Required action
Return exactly the lines from the one containing "Montreal, My Beautiful" through the end of the material below, and leave the images out.

Record excerpts
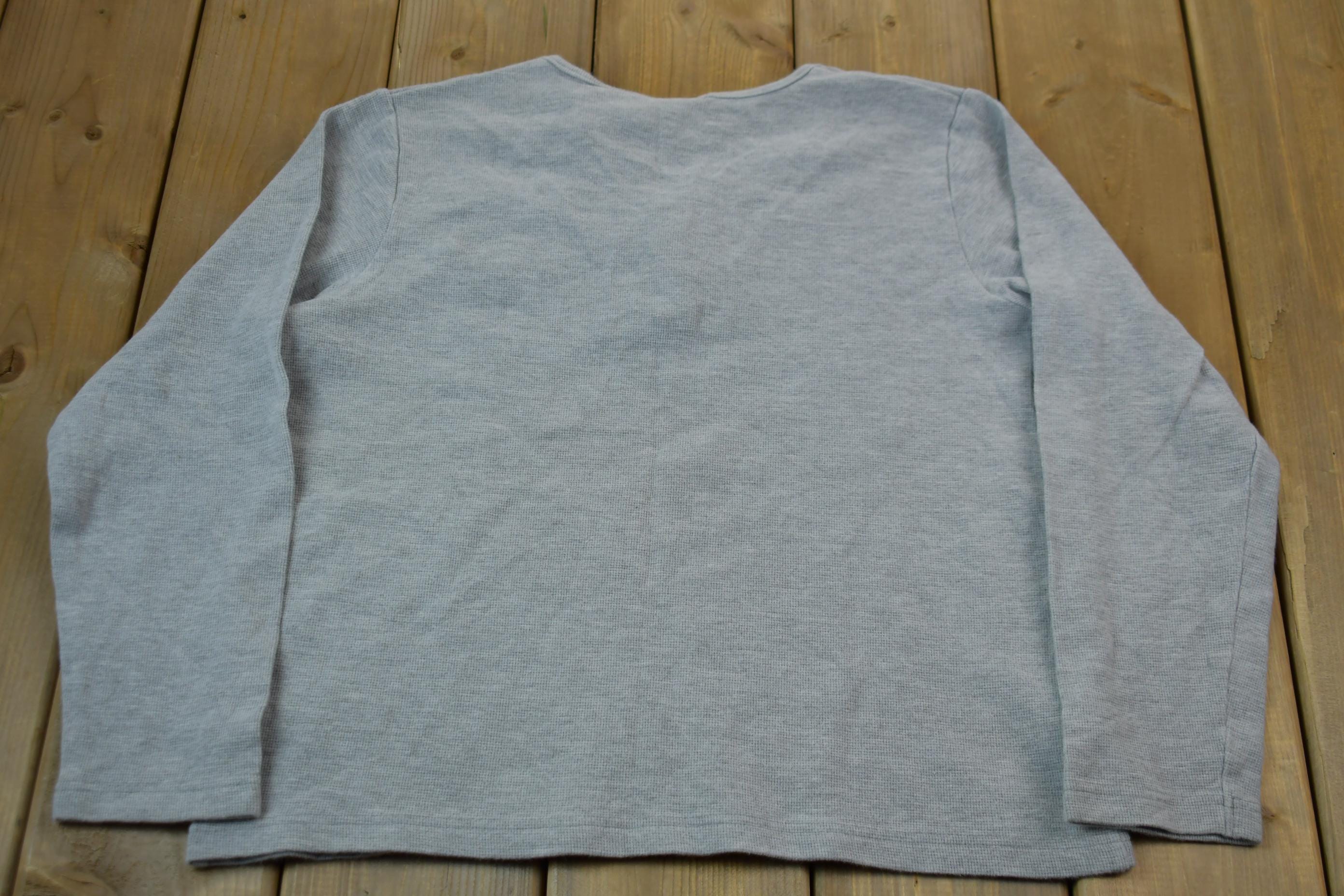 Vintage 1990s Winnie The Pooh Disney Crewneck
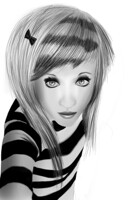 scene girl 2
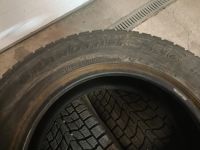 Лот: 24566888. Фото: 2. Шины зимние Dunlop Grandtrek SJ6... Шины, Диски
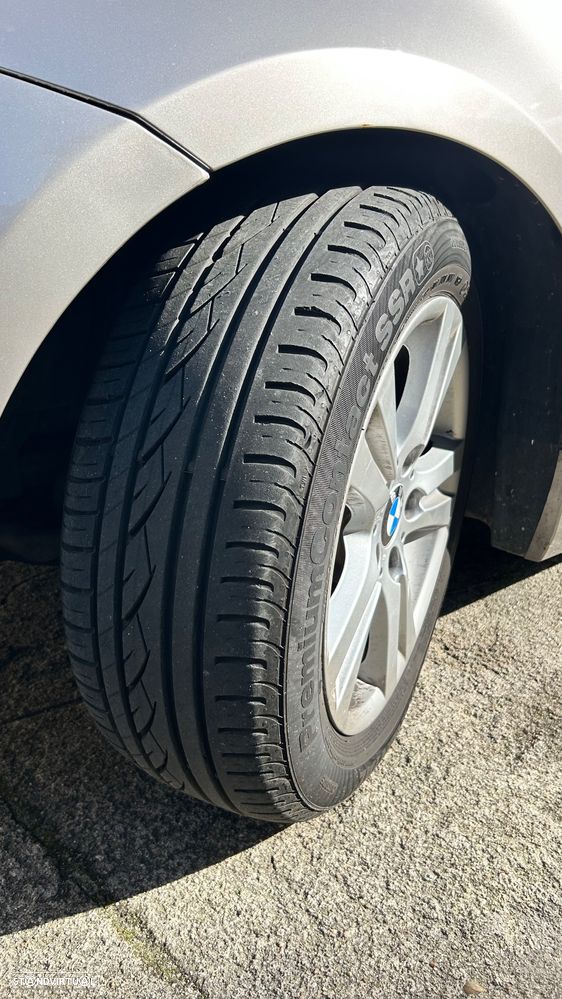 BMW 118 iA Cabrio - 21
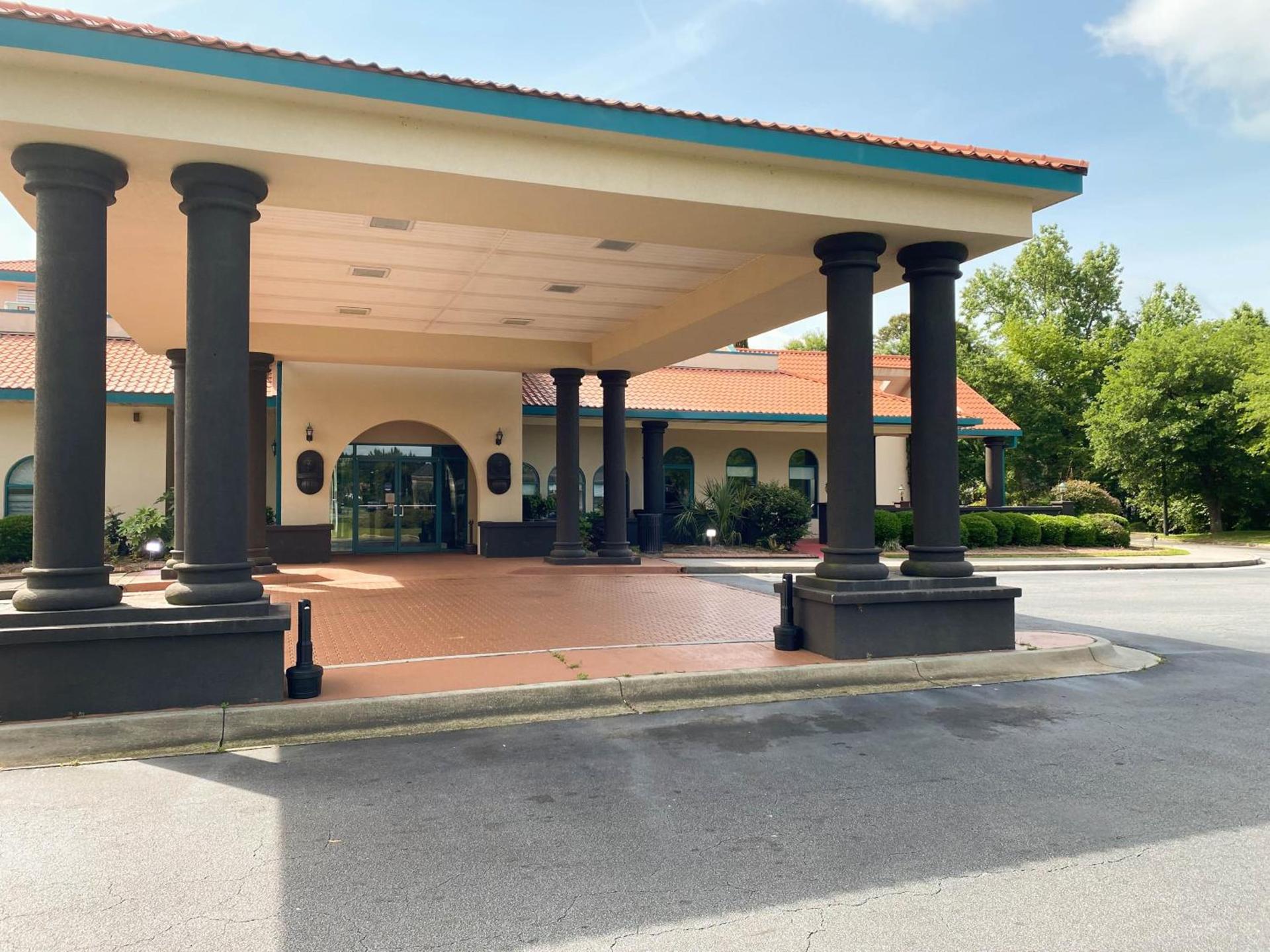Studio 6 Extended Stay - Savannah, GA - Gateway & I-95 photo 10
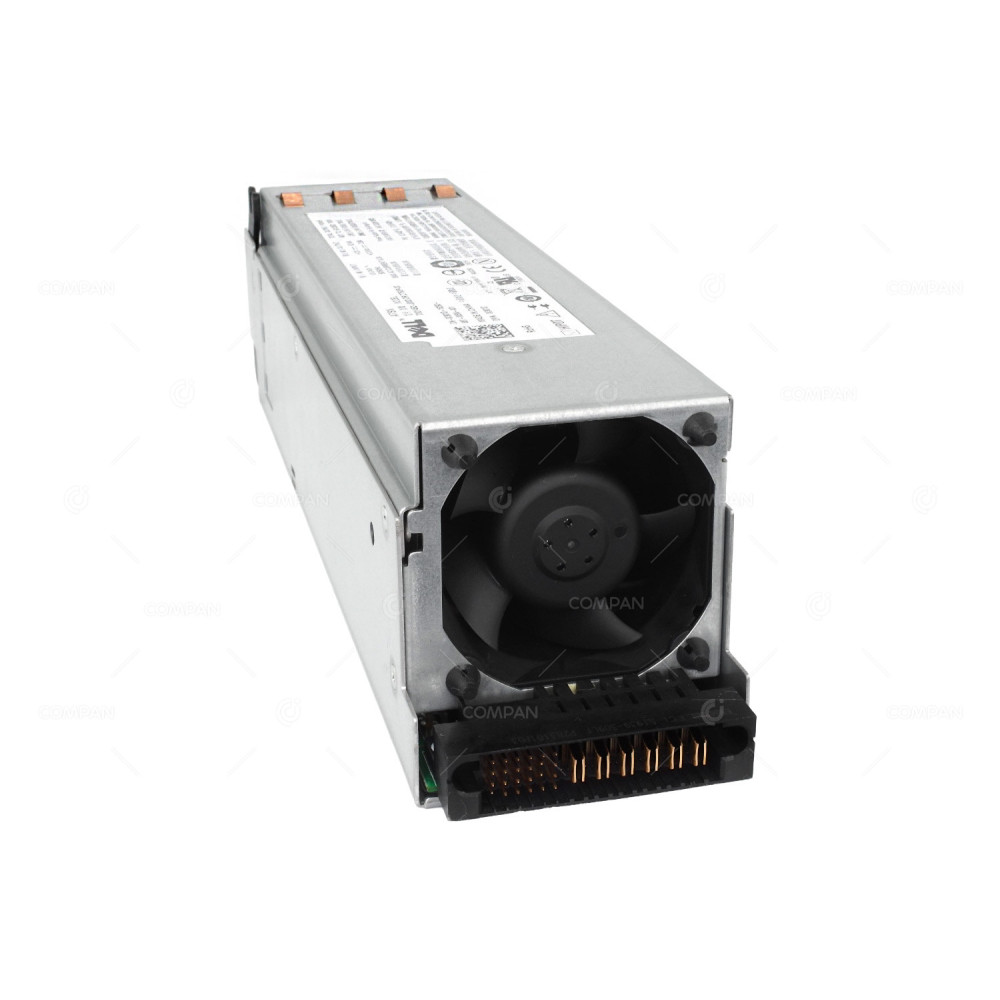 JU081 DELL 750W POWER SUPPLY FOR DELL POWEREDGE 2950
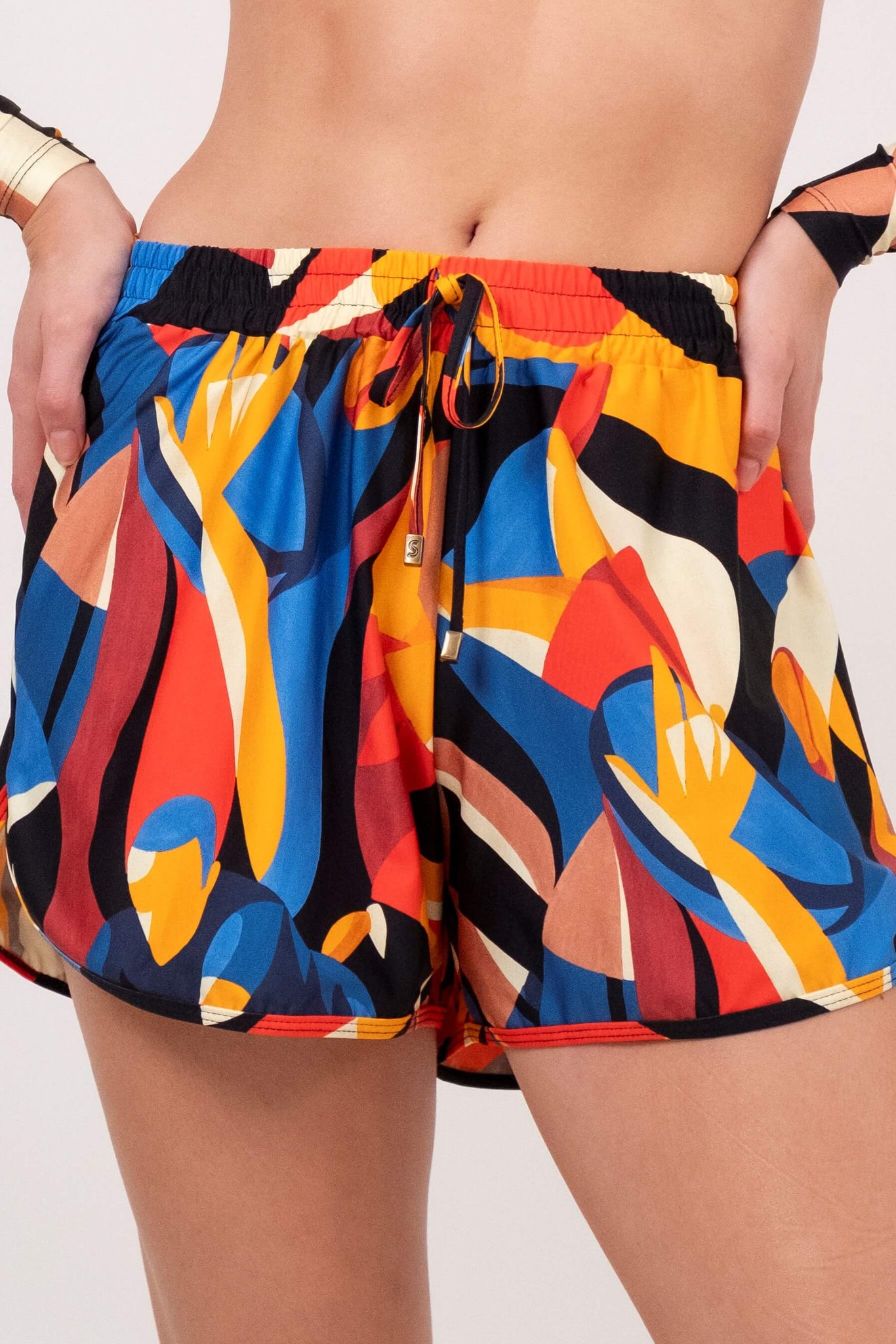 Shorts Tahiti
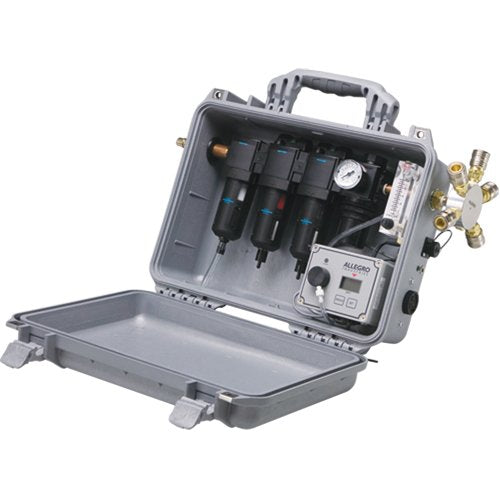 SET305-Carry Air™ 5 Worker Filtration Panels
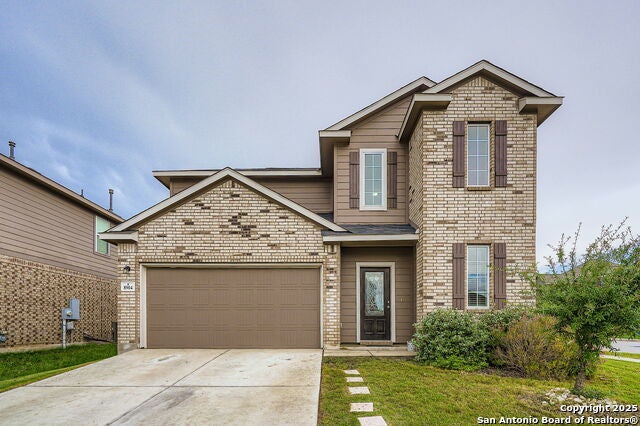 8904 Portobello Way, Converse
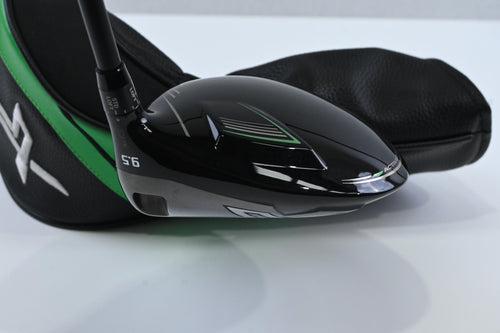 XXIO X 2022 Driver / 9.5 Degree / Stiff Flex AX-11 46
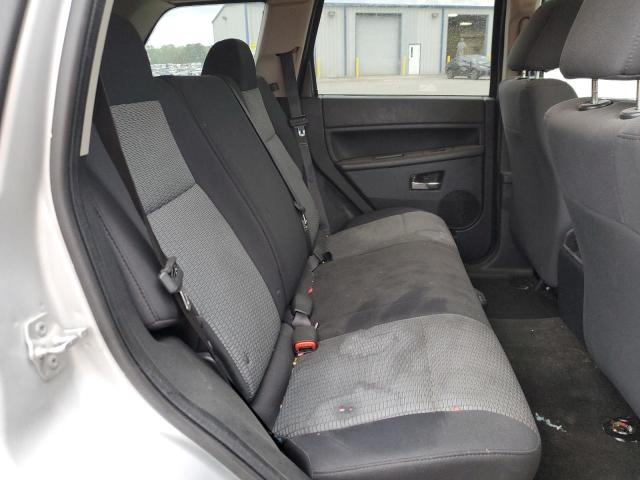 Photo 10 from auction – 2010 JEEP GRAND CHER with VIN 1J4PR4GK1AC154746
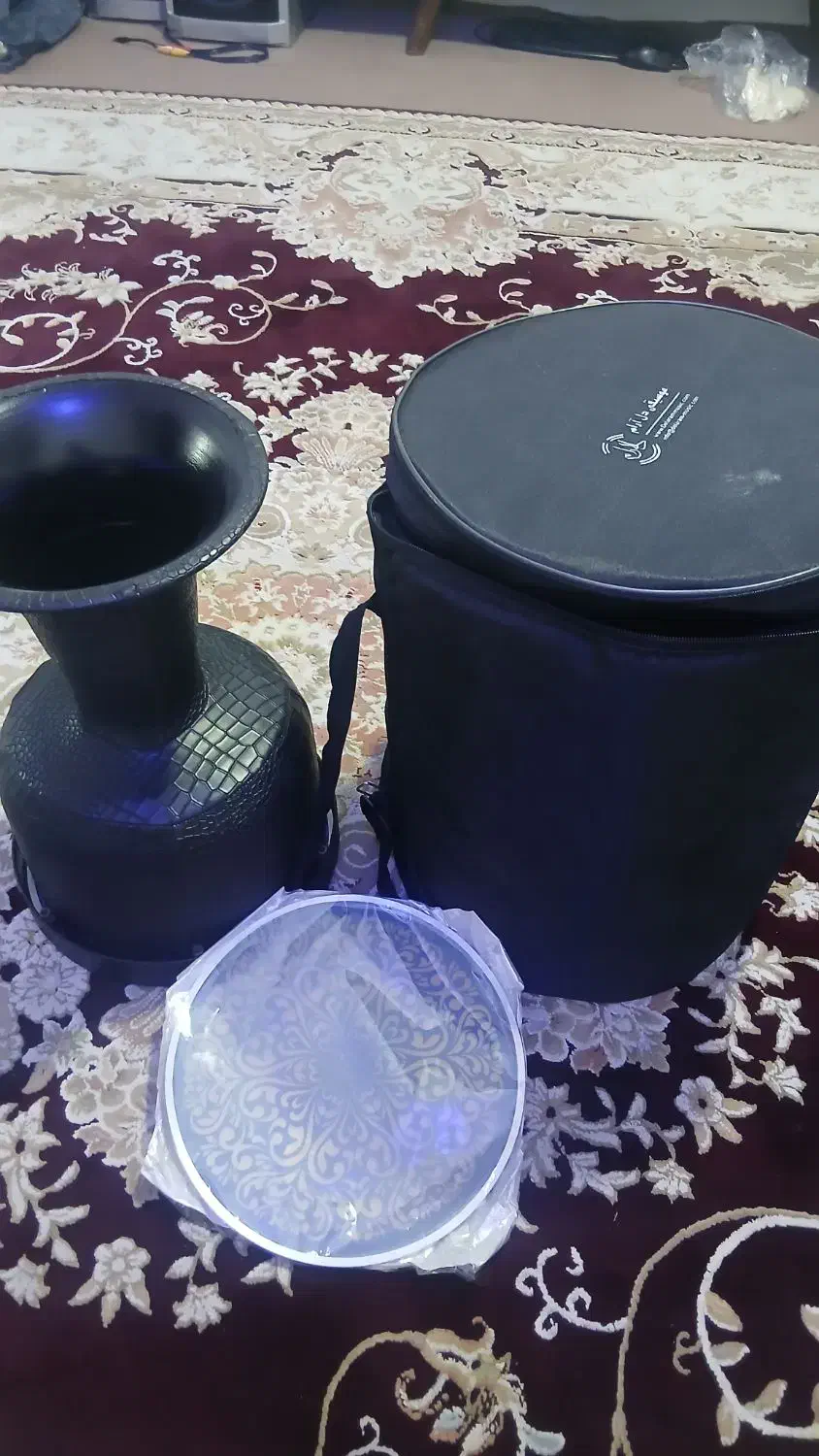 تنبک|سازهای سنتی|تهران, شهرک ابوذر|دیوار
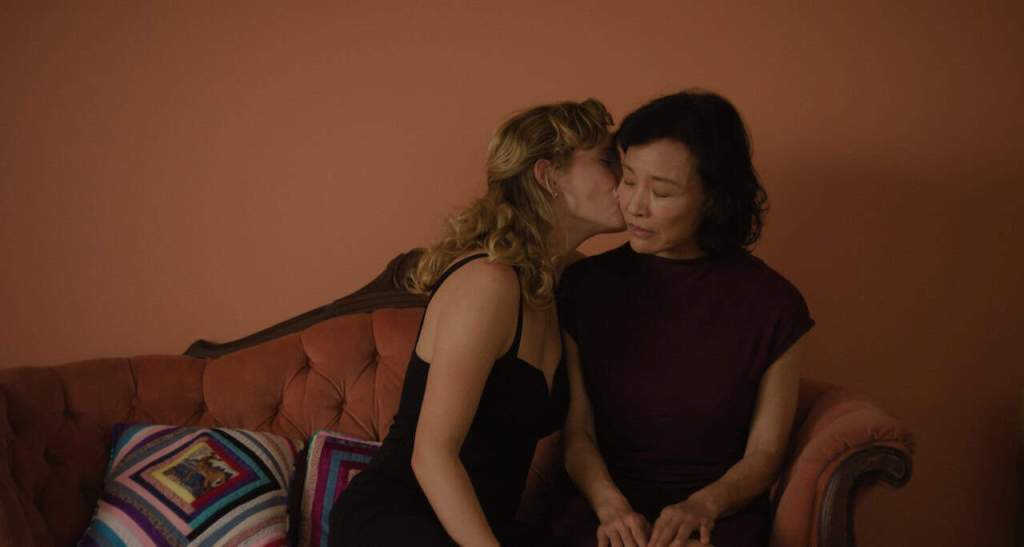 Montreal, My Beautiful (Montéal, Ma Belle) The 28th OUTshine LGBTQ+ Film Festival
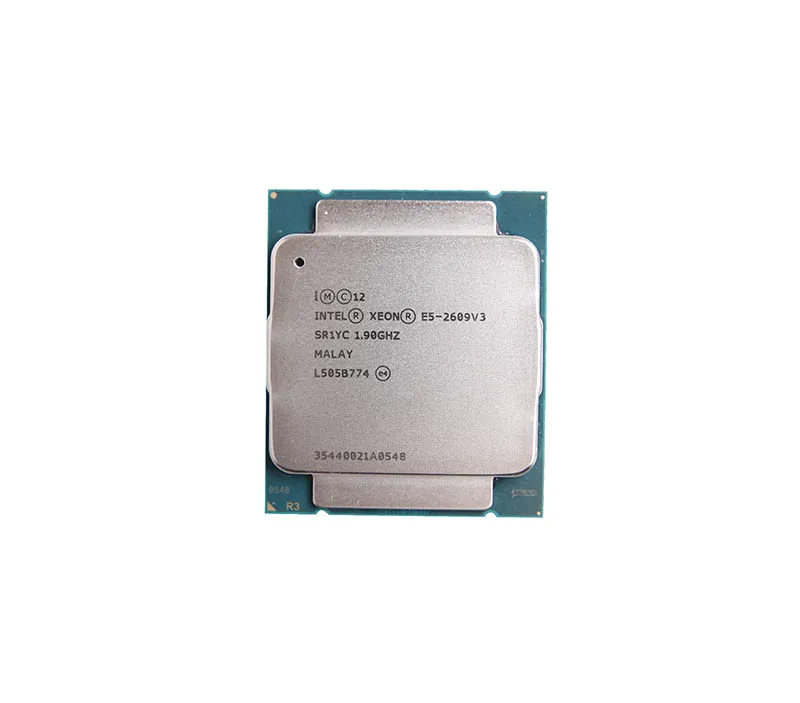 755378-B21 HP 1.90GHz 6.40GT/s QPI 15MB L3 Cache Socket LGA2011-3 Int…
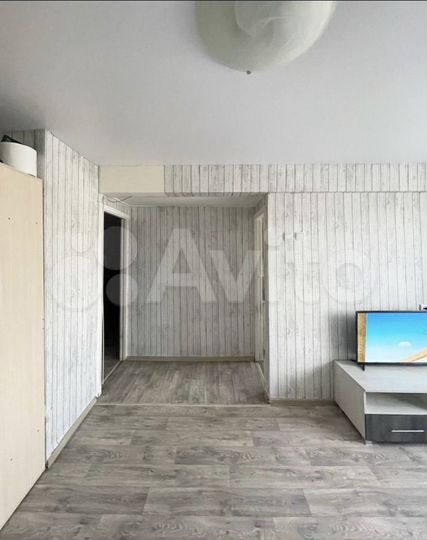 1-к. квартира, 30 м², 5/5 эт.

Solution to this problem
 Montreal, My Beautiful (Montéal, Ma Belle) The 28th OUTshine LGBTQ+ Film Festival
 755378-B21 HP 1.90GHz 6.40GT/s QPI 15MB L3 Cache Socket LGA2011-3 Int…
 1-к. квартира, 30 м², 5/5 эт.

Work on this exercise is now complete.